:: ABOUT THIS EXERCISE ::
Reproduce all the lines below exactly and omit the images.

:: TASK DATA ::
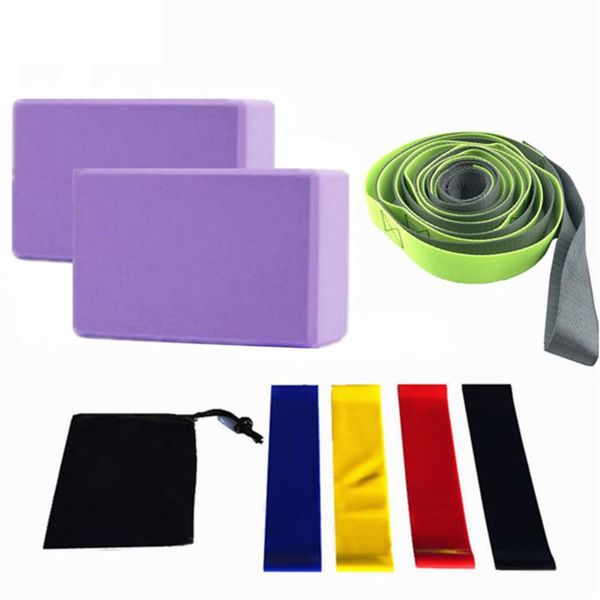 accessories 1set yoga equipment set with blocks stretching strap resistance loop band
accessories 1set yoga equipment set with blocks stretching strap resistance loop band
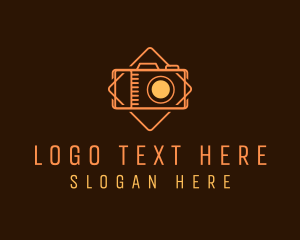 Counting - Orange Digital Camera logo design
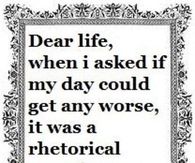 dear life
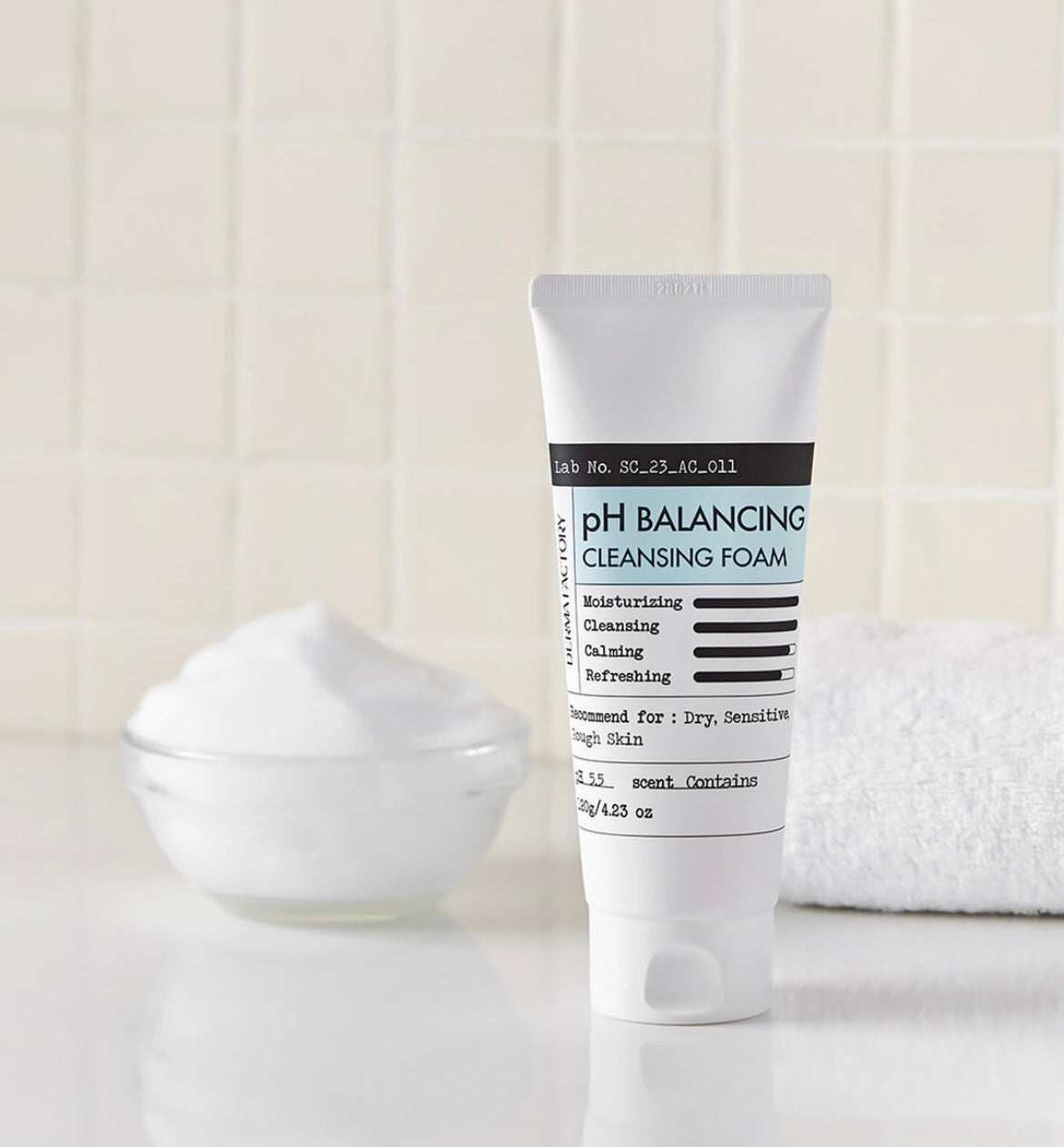 Derma Factory pH Balancing Cleansing Foam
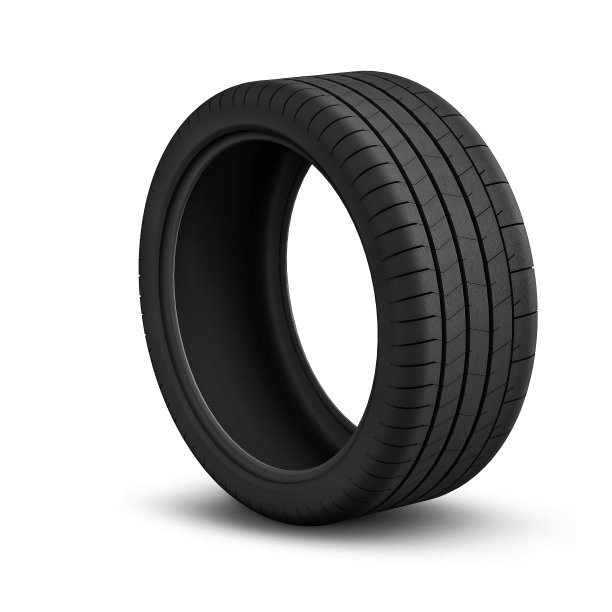 新车轮胎隔离在白色背景上图片下载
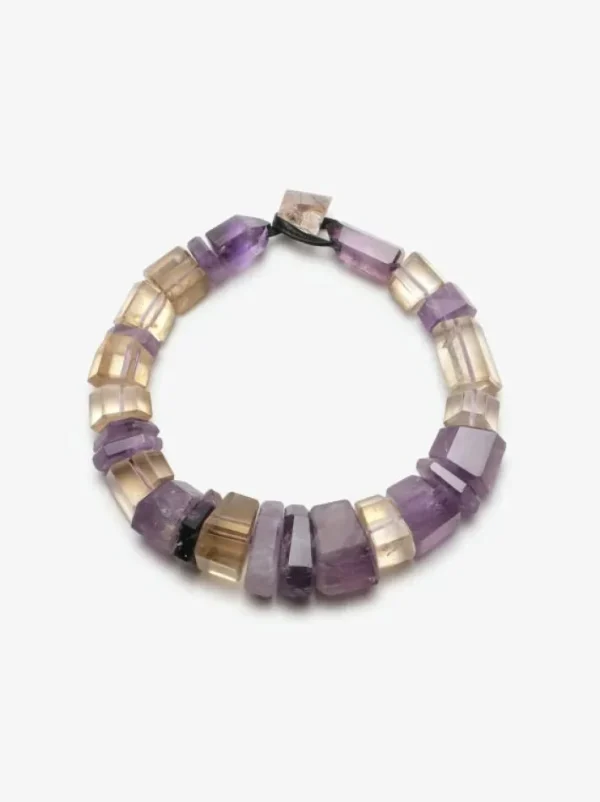 Monies Necklace: citrine, amethyst, quartz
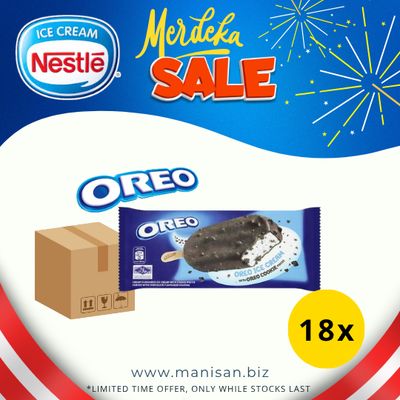 [MERDEKA SALE] OREO Ice Cream Stick (18 Sticks)
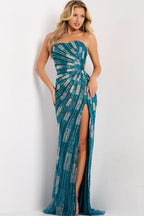Jovani Prom 49258 - Teal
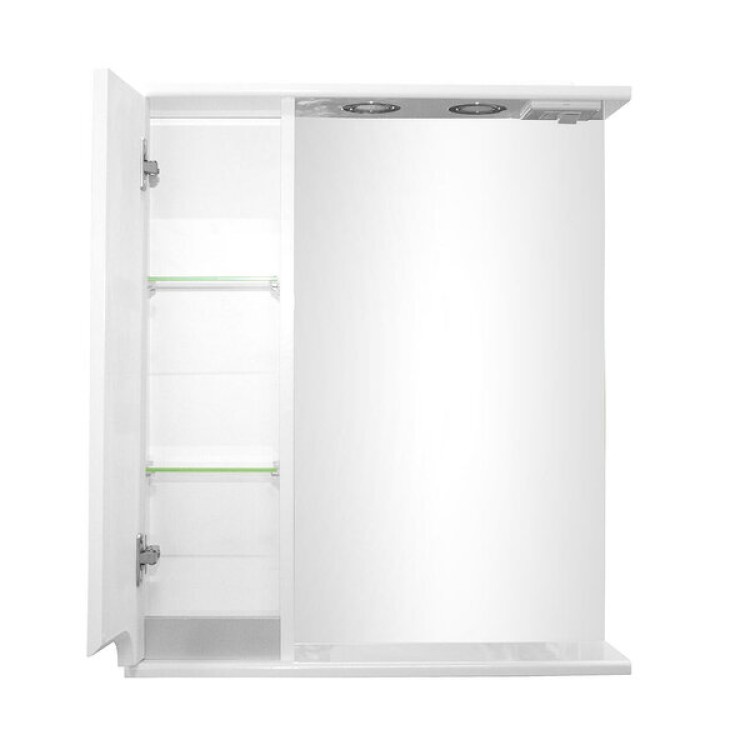 Spoguļskapītis Aqualine PREMIUM LUX 60, kreisais, metallic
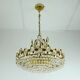 Mid century chandelier Palwa crystal glass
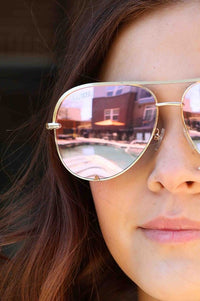 Thumbnail for Pink Gold High Quality Unisex Aviator Sunglasses Sunglasses Julia Rose   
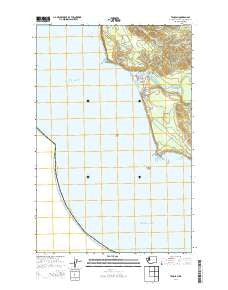 Taholah Washington Current topographic map, 1:24000 scale, 7.5 X 7.5 Minute, Year 2014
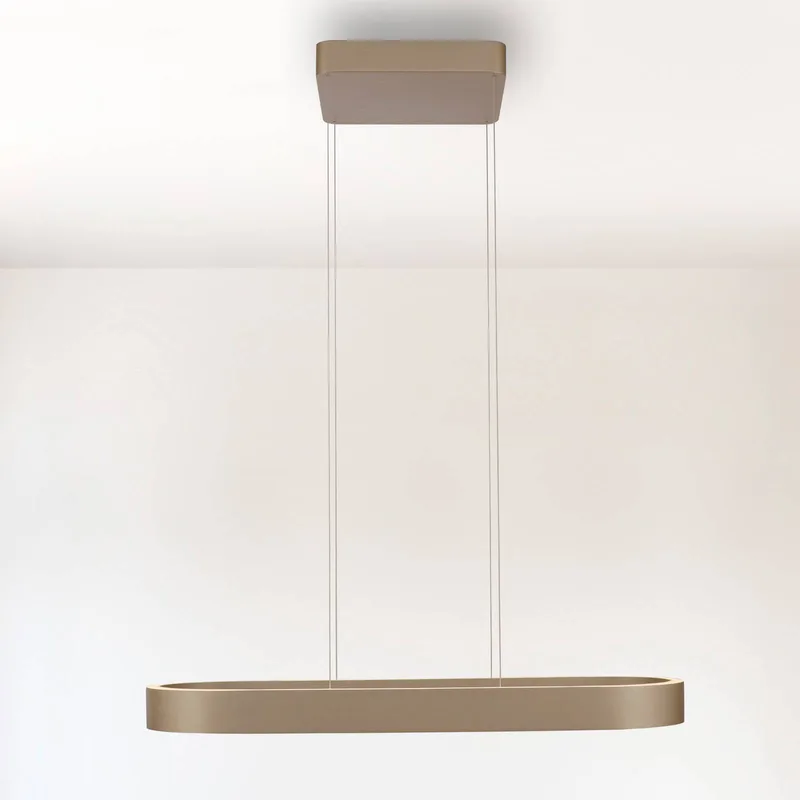 LED hanglamp Q-Stretto, brons, 86,8 cm von Paul Neuhaus in Bronze, Weiß – Produktfoto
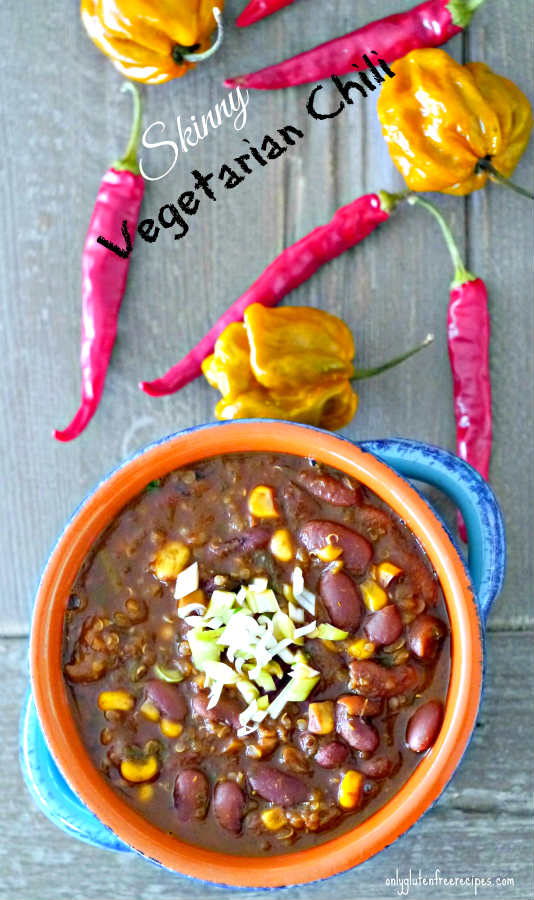 GlutenFree Skinny Vegetarian Chili Only Gluten Free Recipes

:: RESULT BELOW ::
 accessories 1set yoga equipment set with blocks stretching strap resistance loop band
accessories 1set yoga equipment set with blocks stretching strap resistance loop band
 Counting - Orange Digital Camera logo design
 dear life
 Derma Factory pH Balancing Cleansing Foam
 新车轮胎隔离在白色背景上图片下载
 Monies Necklace: citrine, amethyst, quartz
 [MERDEKA SALE] OREO Ice Cream Stick (18 Sticks)
Jovani Prom 49258 - Teal
 Spoguļskapītis Aqualine PREMIUM LUX 60, kreisais, metallic
 Mid century chandelier Palwa crystal glass
 Thumbnail for Pink Gold High Quality Unisex Aviator Sunglasses Sunglasses Julia Rose   
 Taholah Washington Current topographic map, 1:24000 scale, 7.5 X 7.5 Minute, Year 2014
 LED hanglamp Q-Stretto, brons, 86,8 cm von Paul Neuhaus in Bronze, Weiß – Produktfoto
 GlutenFree Skinny Vegetarian Chili Only Gluten Free Recipes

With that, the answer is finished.